Problem to solve:
Nothing but the lines from the one containing "In the Image a Novel" through the last line of the entries should appear in the output, each verbatim.

Data for this exercise:
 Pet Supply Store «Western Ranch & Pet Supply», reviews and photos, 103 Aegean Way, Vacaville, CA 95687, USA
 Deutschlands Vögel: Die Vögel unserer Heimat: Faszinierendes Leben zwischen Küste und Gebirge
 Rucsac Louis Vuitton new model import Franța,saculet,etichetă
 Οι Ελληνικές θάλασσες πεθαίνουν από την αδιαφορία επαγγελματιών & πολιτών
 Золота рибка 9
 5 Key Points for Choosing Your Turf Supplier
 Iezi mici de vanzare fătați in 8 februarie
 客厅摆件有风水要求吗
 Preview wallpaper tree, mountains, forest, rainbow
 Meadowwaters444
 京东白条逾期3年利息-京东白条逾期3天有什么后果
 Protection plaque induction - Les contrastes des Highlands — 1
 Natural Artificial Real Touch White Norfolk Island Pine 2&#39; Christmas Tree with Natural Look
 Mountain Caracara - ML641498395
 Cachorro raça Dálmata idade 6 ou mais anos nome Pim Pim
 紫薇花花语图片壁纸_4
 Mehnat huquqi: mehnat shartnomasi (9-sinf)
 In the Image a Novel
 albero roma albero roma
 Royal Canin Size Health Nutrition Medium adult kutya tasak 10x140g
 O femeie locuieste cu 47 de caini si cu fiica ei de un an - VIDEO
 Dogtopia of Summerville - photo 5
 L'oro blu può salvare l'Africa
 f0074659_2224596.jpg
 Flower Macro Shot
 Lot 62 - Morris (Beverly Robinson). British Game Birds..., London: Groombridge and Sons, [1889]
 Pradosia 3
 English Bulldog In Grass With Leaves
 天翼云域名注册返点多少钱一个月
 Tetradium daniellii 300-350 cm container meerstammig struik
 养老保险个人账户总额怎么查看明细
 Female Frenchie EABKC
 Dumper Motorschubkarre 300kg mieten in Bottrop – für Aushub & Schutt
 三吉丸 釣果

Written response:
 In the Image a Novel
 albero roma albero roma
 Royal Canin Size Health Nutrition Medium adult kutya tasak 10x140g
 O femeie locuieste cu 47 de caini si cu fiica ei de un an - VIDEO
 Dogtopia of Summerville - photo 5
 L'oro blu può salvare l'Africa
 f0074659_2224596.jpg
 Flower Macro Shot
 Lot 62 - Morris (Beverly Robinson). British Game Birds..., London: Groombridge and Sons, [1889]
 Pradosia 3
 English Bulldog In Grass With Leaves
 天翼云域名注册返点多少钱一个月
 Tetradium daniellii 300-350 cm container meerstammig struik
 养老保险个人账户总额怎么查看明细
 Female Frenchie EABKC
 Dumper Motorschubkarre 300kg mieten in Bottrop – für Aushub & Schutt
 三吉丸 釣果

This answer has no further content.